Et il faut le dire : bien qu’il s’agisse en pre­mier lieu des class­es sociales dom­i­nantes, des couch­es gou­ver­nantes engluées dans leur égoïsme, il s’ag­it aus­si des class­es dites pop­u­laires. Car dans les pays rich­es, ces class­es trou­vent naturel d’aug­menter indéfin­i­ment leur stan­dard de vie, tan­dis que, par exem­ple, les pays du tiers monde con­tin­u­ent d’être les four­nisseurs de matières pre­mières, même au prix de leur mis­ère. Ils ne com­pren­nent pas que le remède con­siste, non plus à vouloir pro­longer l’ex­ploita­tion des pop­u­la­tions les plus arriérées, qui attein­dront demain le niveau néces­saire pour ne pas con­tin­uer à se laiss­er exploiter, mais, si l’on s’ar­rête au point zéro, amélior­er le niveau atteint en procé­dant à une meilleure répar­ti­tion des efforts pro­duc­tifs et des biens con­som­ma­bles. En faisant par­ticiper aux tâch­es néces­saires, au tra­vail utile, tous ceux qui, même fig­u­rant dans les class­es salariées, sont au fond des par­a­sites par l’inu­til­ité de leurs activités.

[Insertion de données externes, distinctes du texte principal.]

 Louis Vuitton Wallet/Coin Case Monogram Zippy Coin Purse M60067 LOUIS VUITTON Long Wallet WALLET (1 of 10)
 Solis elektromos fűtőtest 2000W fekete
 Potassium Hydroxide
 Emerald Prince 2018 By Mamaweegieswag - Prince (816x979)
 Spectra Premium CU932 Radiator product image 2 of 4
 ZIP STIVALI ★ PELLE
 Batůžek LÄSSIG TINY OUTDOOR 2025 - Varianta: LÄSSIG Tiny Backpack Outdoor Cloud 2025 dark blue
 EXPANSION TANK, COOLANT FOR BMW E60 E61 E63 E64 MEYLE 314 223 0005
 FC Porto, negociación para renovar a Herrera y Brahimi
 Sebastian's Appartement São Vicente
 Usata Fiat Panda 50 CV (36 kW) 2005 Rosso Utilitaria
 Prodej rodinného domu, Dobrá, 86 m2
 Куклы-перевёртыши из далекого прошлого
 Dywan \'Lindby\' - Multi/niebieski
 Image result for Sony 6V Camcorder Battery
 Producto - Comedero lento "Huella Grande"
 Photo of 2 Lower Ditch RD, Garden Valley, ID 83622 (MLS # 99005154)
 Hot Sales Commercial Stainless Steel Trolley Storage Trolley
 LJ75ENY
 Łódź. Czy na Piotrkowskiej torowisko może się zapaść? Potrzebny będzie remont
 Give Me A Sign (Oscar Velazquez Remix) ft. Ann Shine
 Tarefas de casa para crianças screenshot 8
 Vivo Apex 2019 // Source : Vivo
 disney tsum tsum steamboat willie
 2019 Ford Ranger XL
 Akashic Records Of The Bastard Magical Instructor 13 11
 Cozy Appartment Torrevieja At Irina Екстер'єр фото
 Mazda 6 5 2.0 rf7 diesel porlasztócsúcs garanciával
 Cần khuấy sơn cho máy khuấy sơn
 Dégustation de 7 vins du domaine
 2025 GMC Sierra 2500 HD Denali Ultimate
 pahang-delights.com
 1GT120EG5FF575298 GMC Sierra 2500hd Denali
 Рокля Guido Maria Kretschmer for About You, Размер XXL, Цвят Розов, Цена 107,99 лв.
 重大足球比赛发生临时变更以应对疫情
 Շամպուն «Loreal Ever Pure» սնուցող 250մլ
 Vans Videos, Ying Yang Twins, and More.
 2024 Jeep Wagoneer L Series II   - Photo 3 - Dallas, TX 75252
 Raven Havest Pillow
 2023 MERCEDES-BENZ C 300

C’est toute une révo­lu­tion qui s’im­pose, une réor­gan­i­sa­tion, une morale nou­velle. Entraînée par des lois biologiques aveu­gles, mécaniques, l’hu­man­ité est arrivée, arrive à la croisée des chemins. Rap­pelons-nous : dans trente ans, sept mil­liards d’habi­tants qui, par sur­croît, et suiv­ant l’aug­men­ta­tion naturelle des besoins, voudront vivre mieux qu’ils ne vivent main­tenant. Une sur­ex­ploita­tion des ressources ter­restres qui sont loin d’être inépuis­ables. Dans soix­ante-dix ans, qua­torze mil­liards… Des enfants qui nais­sent main­tenant con­naîtront cette sit­u­a­tion dramatique.

Il est du devoir des généra­tions actuelles d’a­gir pour ces généra­tions futures. Et dès main­tenant de penser au des­tin de notre espèce, de vivre en et pour cette espèce. Et de procéder aux trans­for­ma­tions qui s’im­posent avec un sens des respon­s­abil­ités qui a man­qué, et manque jusqu’à maintenant.